• [ASSIGNMENT]: Please set down only the lines below starting with the line with "wooden deck featuring" and going on through the line with "Kỹ sư thực hiện", verbatim and without pictures.

___ RECORD SET ___

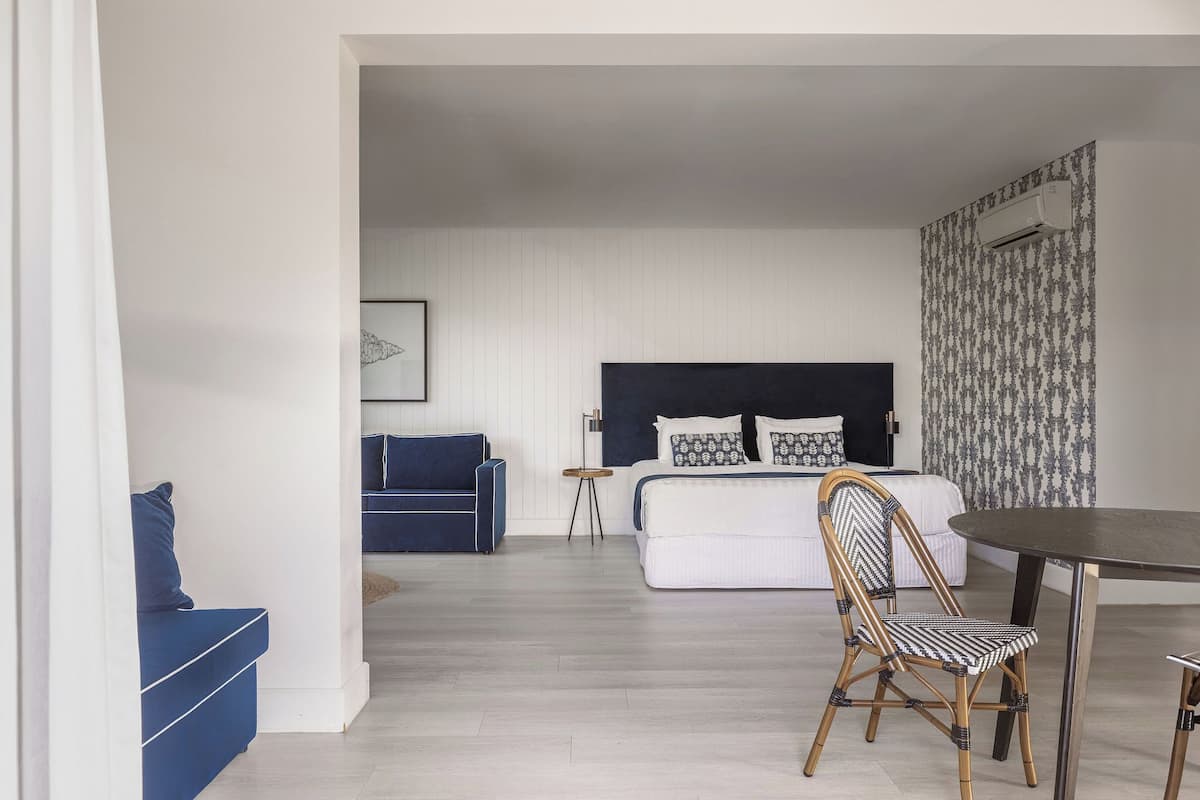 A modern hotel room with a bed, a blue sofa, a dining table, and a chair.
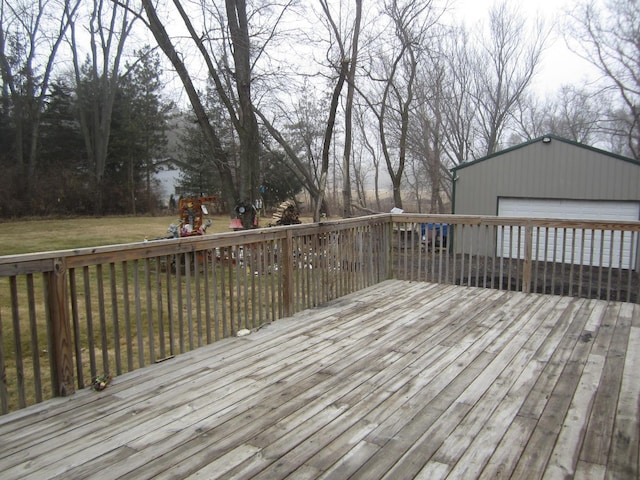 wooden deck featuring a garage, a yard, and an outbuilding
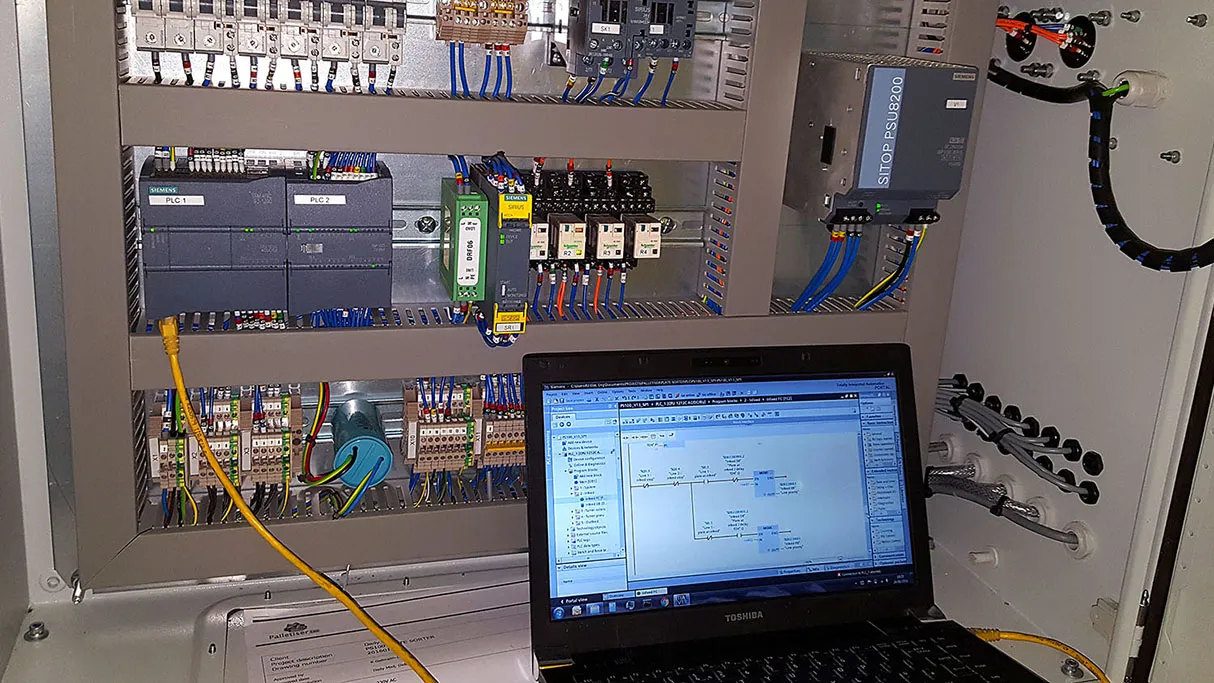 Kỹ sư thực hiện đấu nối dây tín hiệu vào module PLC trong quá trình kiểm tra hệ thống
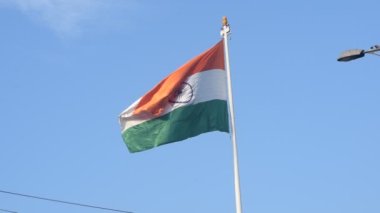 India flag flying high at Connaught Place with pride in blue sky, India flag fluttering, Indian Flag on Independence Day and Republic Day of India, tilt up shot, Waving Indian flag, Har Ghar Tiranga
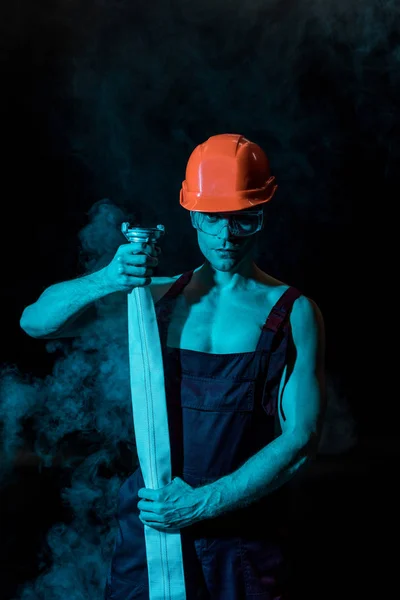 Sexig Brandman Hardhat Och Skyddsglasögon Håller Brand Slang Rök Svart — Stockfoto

___
___ RECORD SET ___

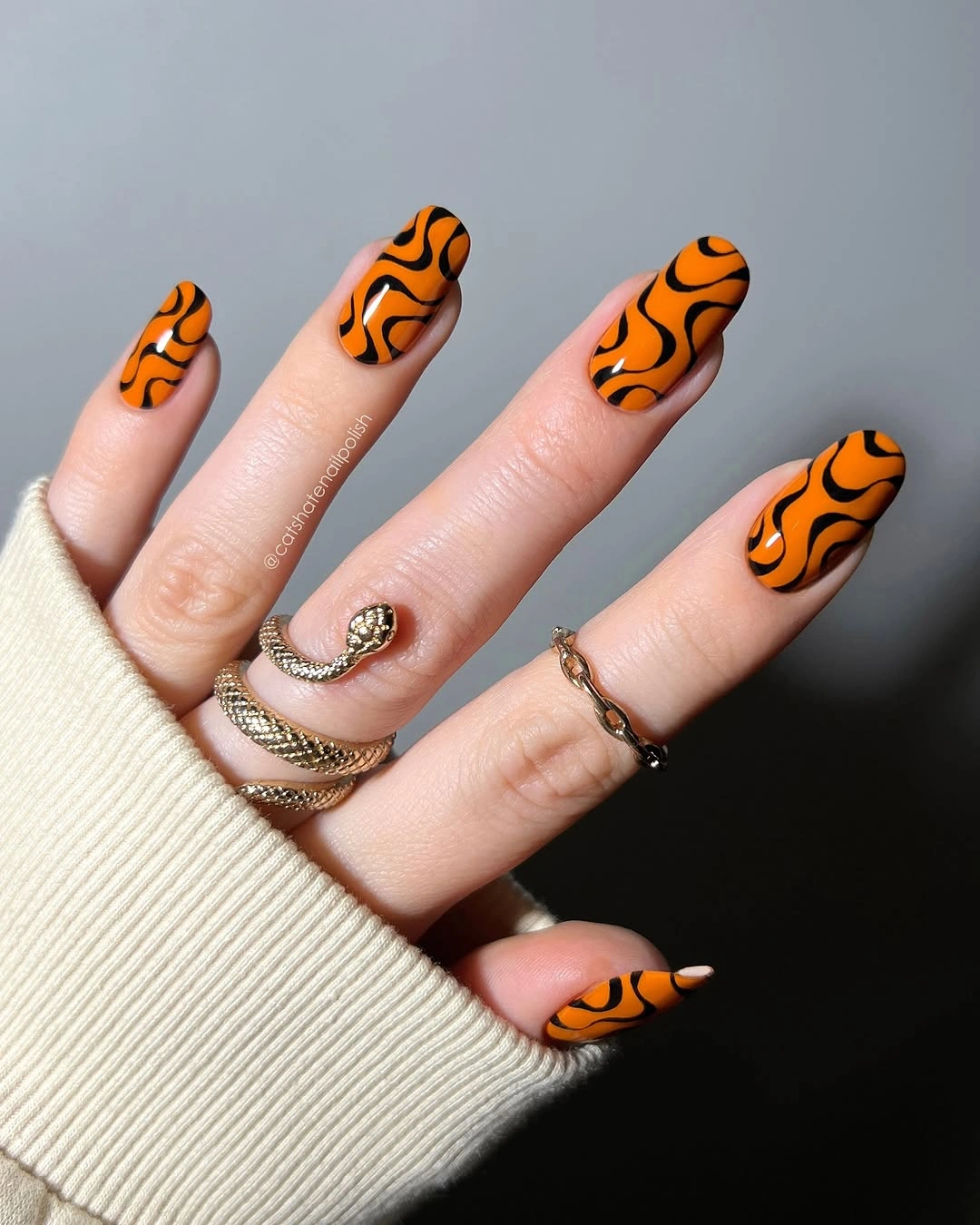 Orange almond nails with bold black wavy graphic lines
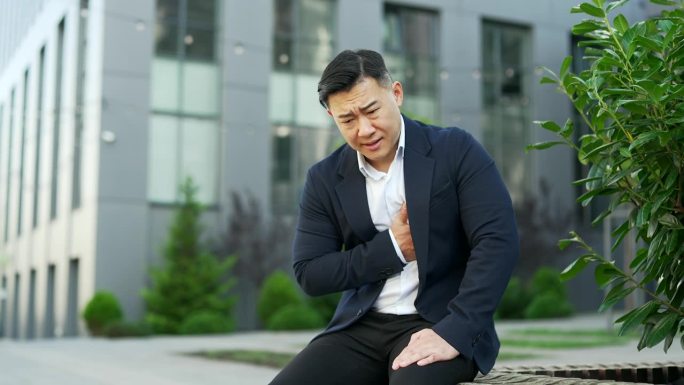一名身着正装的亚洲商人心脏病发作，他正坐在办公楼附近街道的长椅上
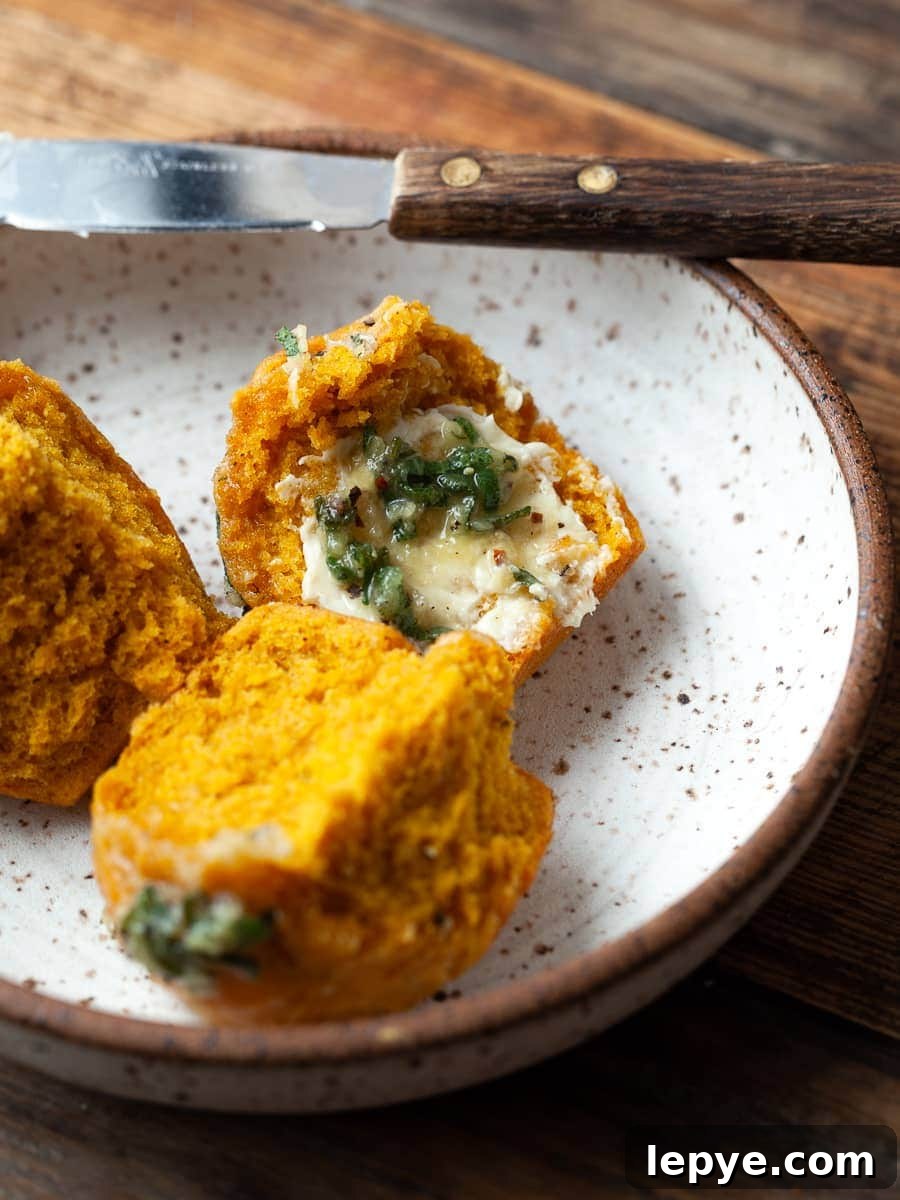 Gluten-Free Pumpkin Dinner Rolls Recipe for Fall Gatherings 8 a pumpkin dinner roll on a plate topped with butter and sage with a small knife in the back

___
___ RECORD SET ___

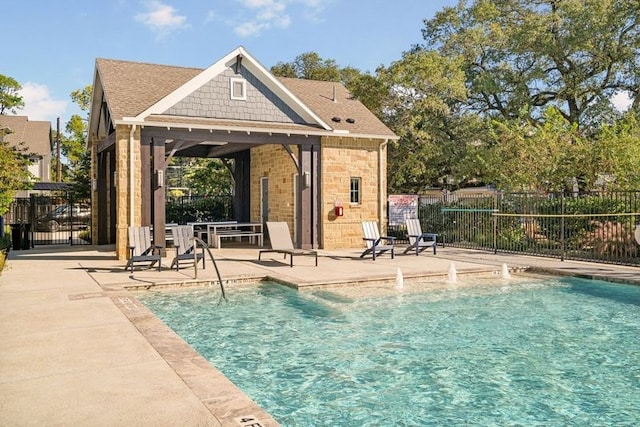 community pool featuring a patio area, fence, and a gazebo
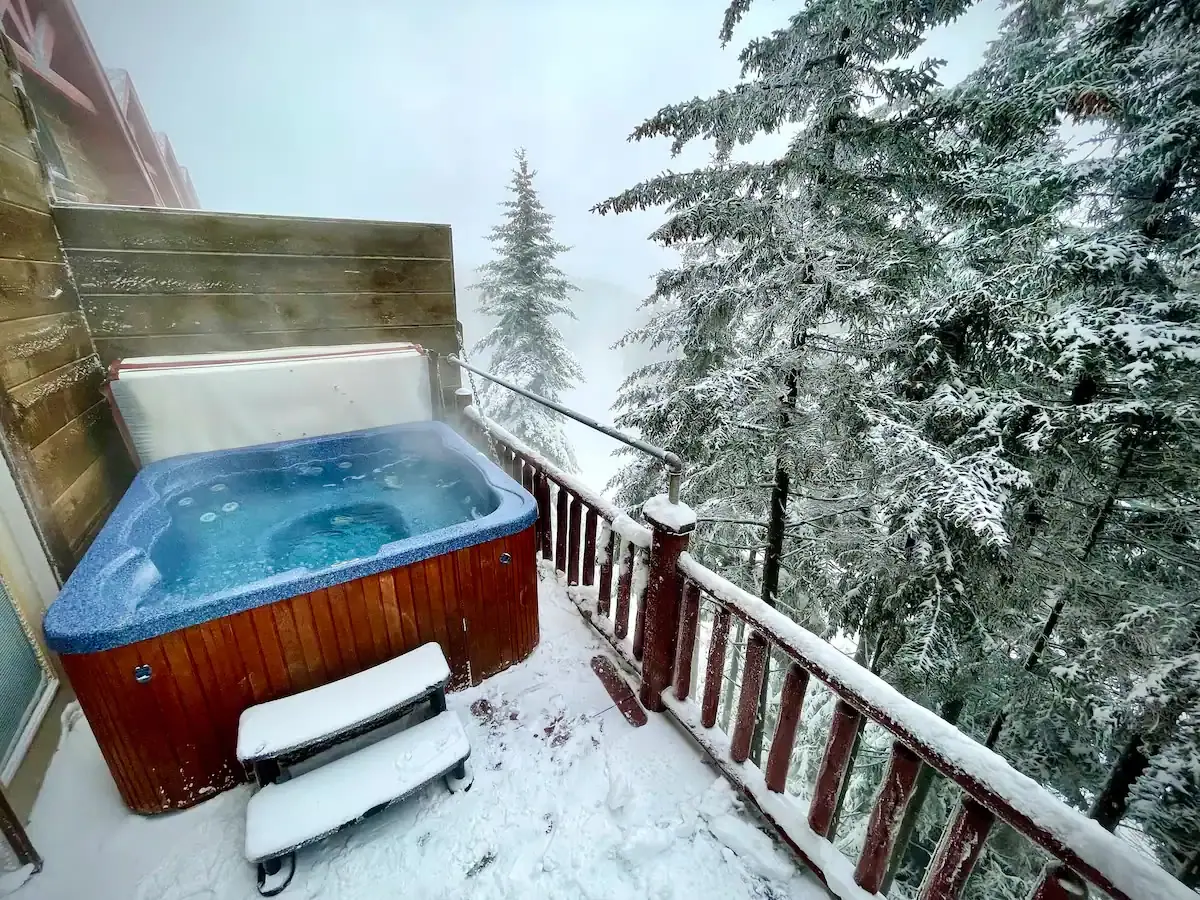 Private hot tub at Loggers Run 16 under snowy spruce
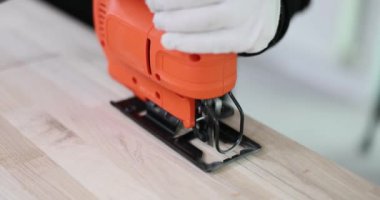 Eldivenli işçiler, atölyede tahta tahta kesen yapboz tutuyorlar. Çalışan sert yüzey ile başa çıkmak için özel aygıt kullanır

___

• [SOLUTION TO THE EXERCISE]:
 wooden deck featuring a garage, a yard, and an outbuilding
 Kỹ sư thực hiện đấu nối dây tín hiệu vào module PLC trong quá trình kiểm tra hệ thống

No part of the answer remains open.